*REQUIRED WORK*
Pictures are to be left out; every line from the one that holds "Sonu Gowda Latest" to the end of the data is to be retyped exactly.

*THE DATA*
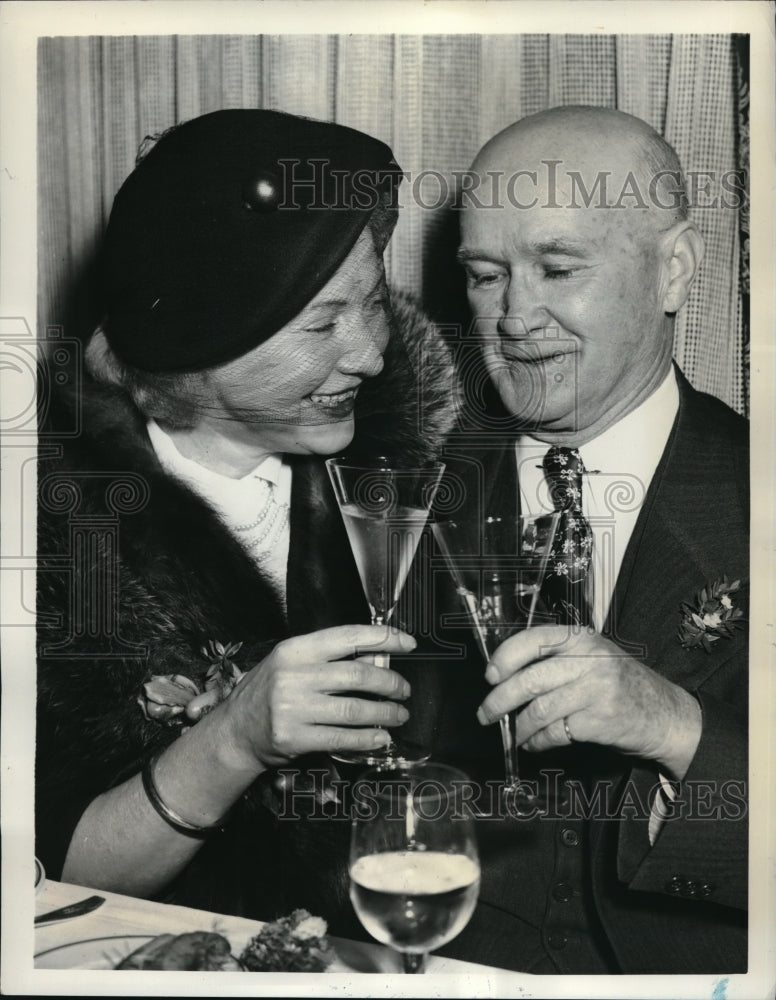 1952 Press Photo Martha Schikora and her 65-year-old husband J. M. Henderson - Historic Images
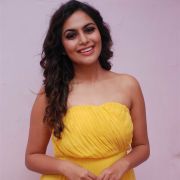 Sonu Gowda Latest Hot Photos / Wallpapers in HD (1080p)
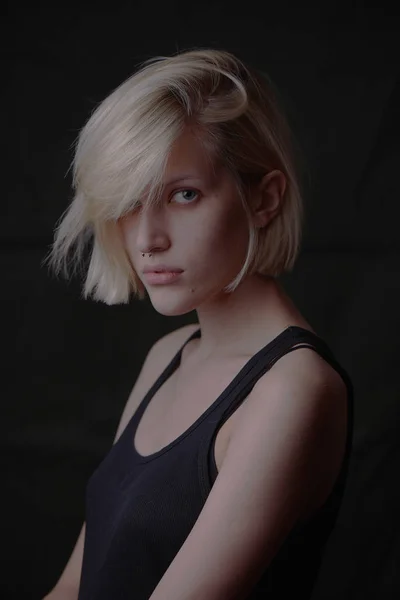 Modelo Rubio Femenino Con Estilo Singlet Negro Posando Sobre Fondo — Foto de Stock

*COMPLETED EXERCISE*
 Sonu Gowda Latest Hot Photos / Wallpapers in HD (1080p)
 Modelo Rubio Femenino Con Estilo Singlet Negro Posando Sobre Fondo — Foto de Stock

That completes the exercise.